[Provided entries]
● ● ● ● ●

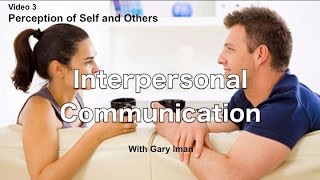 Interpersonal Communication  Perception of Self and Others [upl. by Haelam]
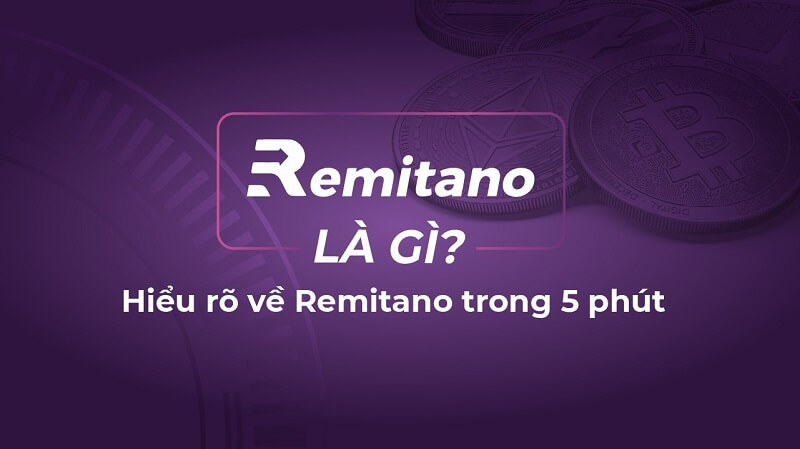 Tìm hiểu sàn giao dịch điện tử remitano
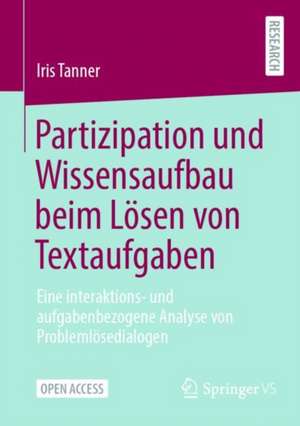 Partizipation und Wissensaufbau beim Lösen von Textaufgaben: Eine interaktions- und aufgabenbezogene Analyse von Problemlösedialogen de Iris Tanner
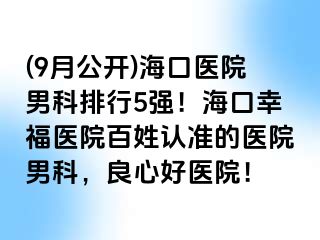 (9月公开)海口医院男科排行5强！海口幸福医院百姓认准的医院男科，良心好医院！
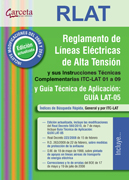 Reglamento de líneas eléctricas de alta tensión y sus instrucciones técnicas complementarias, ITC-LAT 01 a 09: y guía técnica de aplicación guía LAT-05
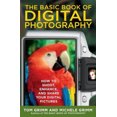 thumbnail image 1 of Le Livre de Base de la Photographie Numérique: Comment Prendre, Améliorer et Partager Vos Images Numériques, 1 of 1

● ● ● ● ●

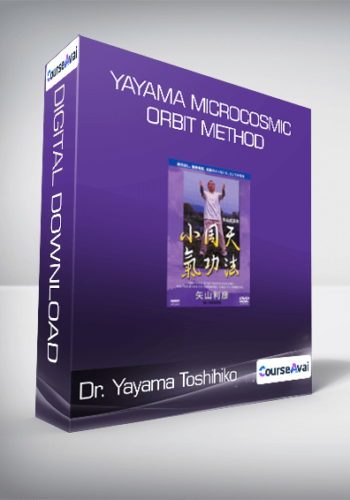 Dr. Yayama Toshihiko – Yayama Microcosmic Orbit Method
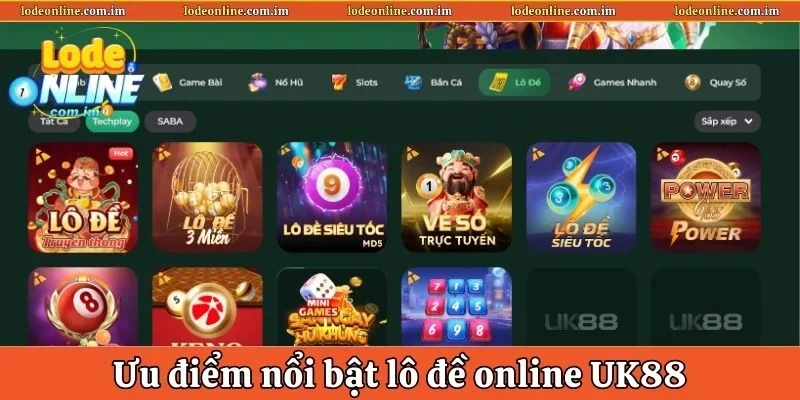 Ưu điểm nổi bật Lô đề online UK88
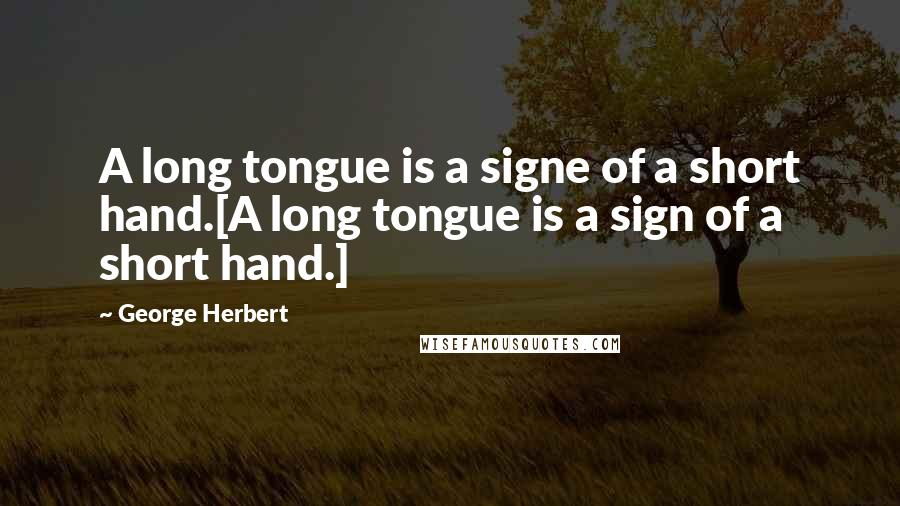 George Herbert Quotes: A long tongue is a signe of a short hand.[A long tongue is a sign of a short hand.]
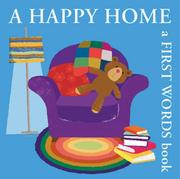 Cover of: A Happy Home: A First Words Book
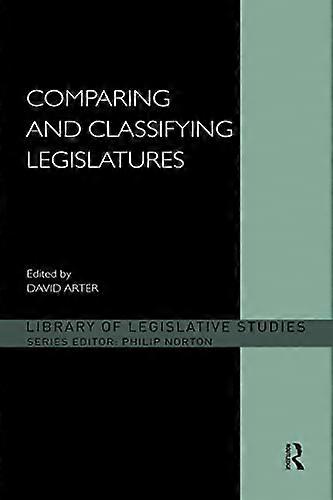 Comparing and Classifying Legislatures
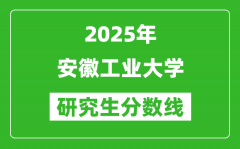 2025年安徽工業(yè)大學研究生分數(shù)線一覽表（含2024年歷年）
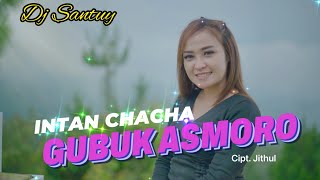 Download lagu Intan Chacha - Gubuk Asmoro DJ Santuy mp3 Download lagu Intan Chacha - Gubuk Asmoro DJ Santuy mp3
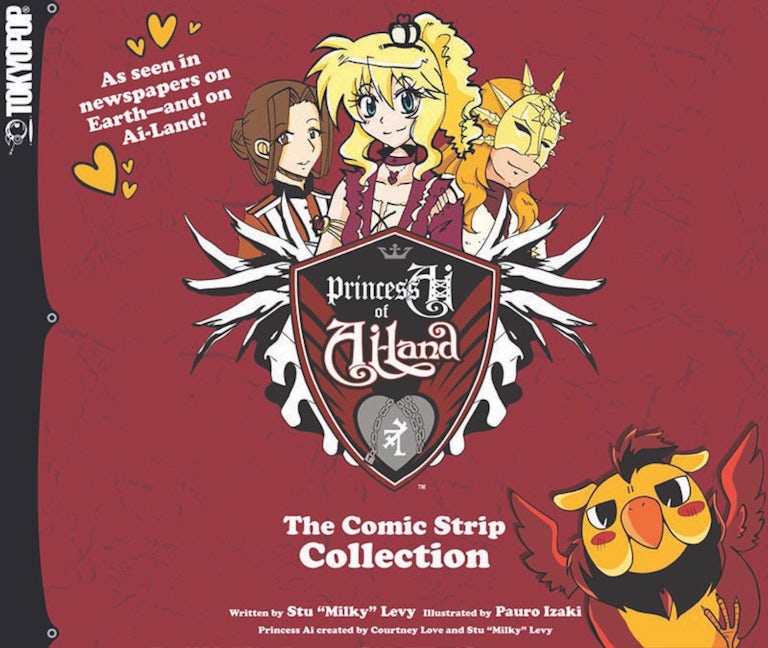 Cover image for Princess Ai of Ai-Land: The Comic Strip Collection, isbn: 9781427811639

● ● ● ● ●

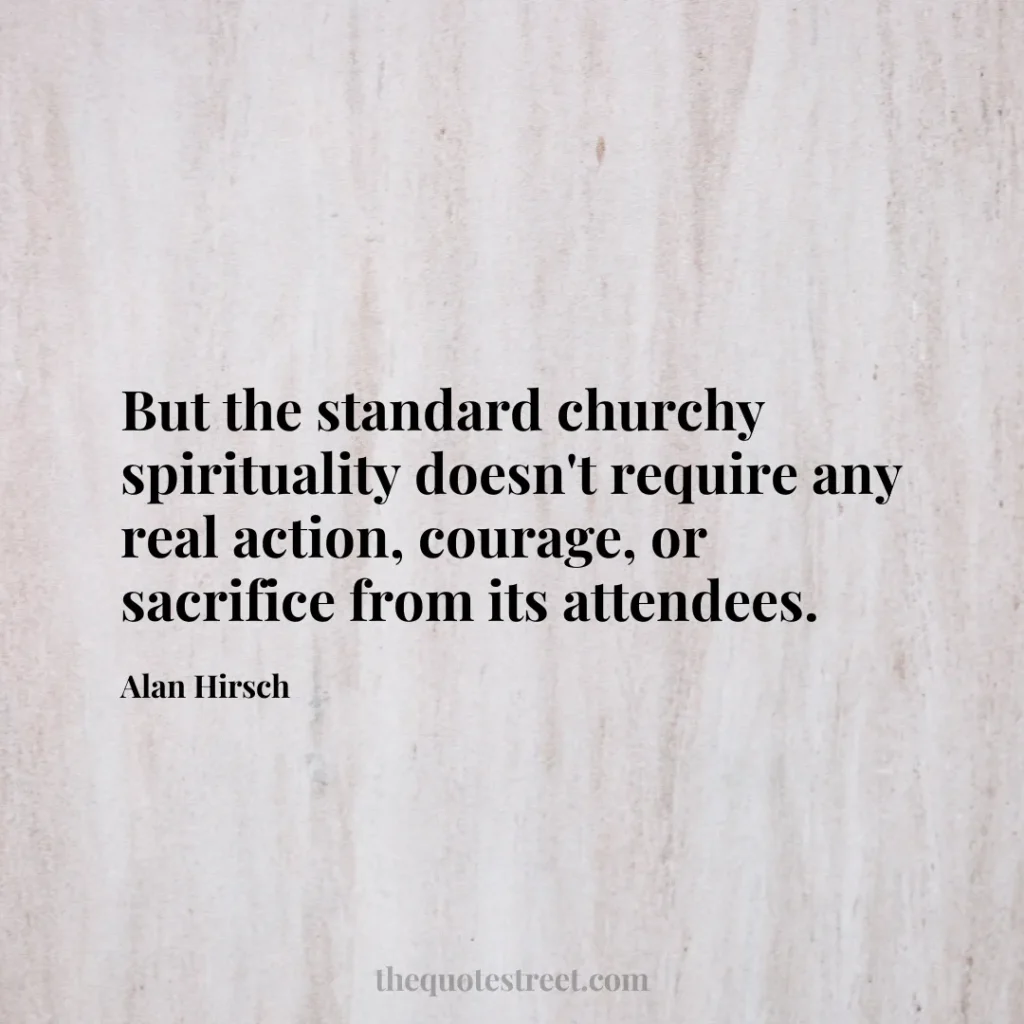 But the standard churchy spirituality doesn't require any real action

● ● ● ● ●

[Required action] Using the data above, copy exactly the lines from the one containing "George Herbert Quotes: A" to the one containing "Cover image for", inclusive. Exclude the pictures.

[Result of this task]
 George Herbert Quotes: A long tongue is a signe of a short hand.[A long tongue is a sign of a short hand.]
 Cover of: A Happy Home: A First Words Book
 Comparing and Classifying Legislatures
 2025年安徽工業(yè)大學研究生分數(shù)線一覽表（含2024年歷年）
 Download lagu Intan Chacha - Gubuk Asmoro DJ Santuy mp3 Download lagu Intan Chacha - Gubuk Asmoro DJ Santuy mp3
 Cover image for Princess Ai of Ai-Land: The Comic Strip Collection, isbn: 9781427811639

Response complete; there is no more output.